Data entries
──────────────────────────────

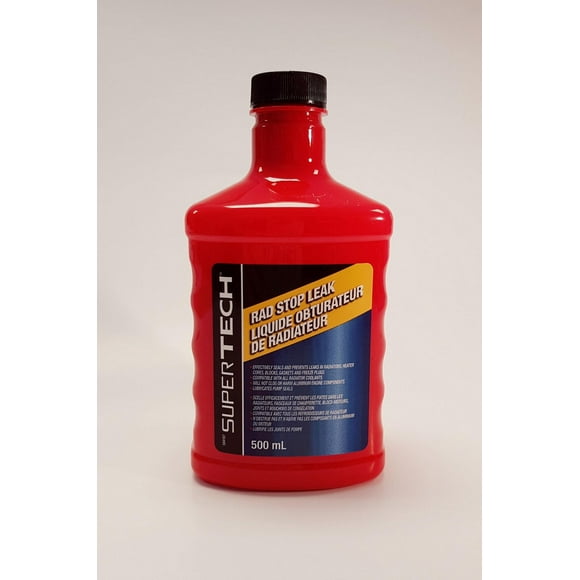 LIQUIDE OBTURATEUR DE RADIATEUR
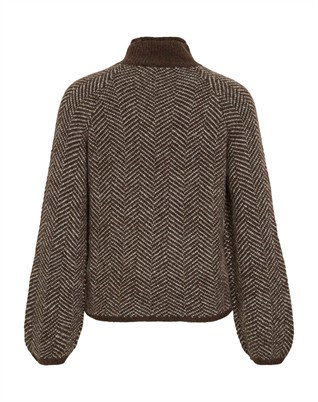 VILory High Neck Strik 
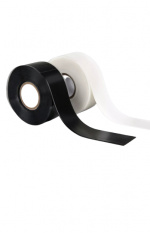 Silicone tape for water pipes, 1m Silicone tape for water pipes, 1m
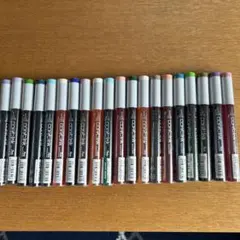 おきchan様専用　コピックインク　copicink 補充用　新品20本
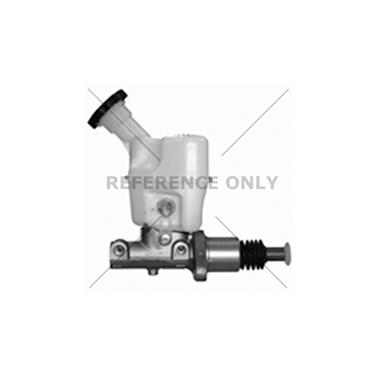 Brake Master Cylinder CE 130.62144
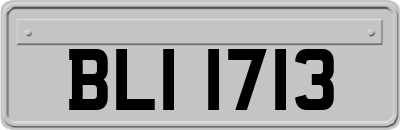 BLI1713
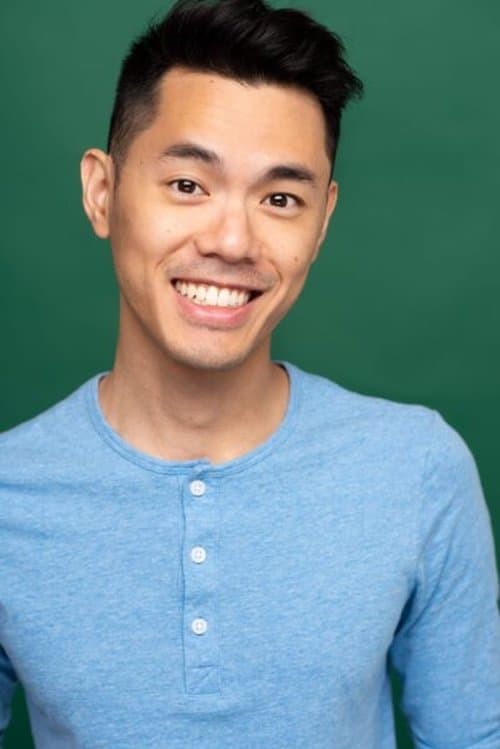 Brandan Ngo photo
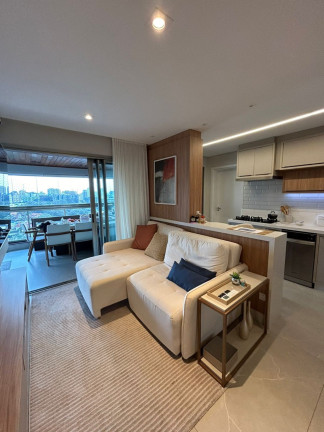 Imagem Imóvel com 3 Quartos à Venda, 101 m² em Vila Mariana - São Paulo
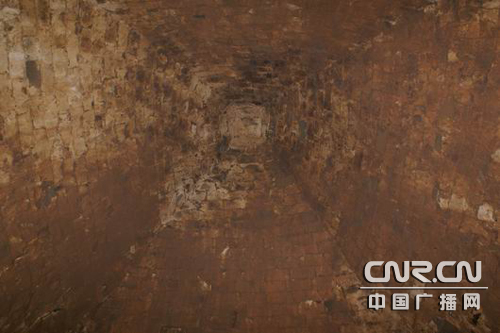 河南安陽曹操高陵展館門票初定為60元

──────────────────────────────

### TASK TO CARRY OUT
Could you write out the records again exactly, without any of their pictures?

### RESPONSE TO THE EXERCISE
 LIQUIDE OBTURATEUR DE RADIATEUR
 VILory High Neck Strik 
 Silicone tape for water pipes, 1m Silicone tape for water pipes, 1m
 おきchan様専用　コピックインク　copicink 補充用　新品20本
 Brake Master Cylinder CE 130.62144
 BLI1713
 Brandan Ngo photo
 Imagem Imóvel com 3 Quartos à Venda, 101 m² em Vila Mariana - São Paulo
 河南安陽曹操高陵展館門票初定為60元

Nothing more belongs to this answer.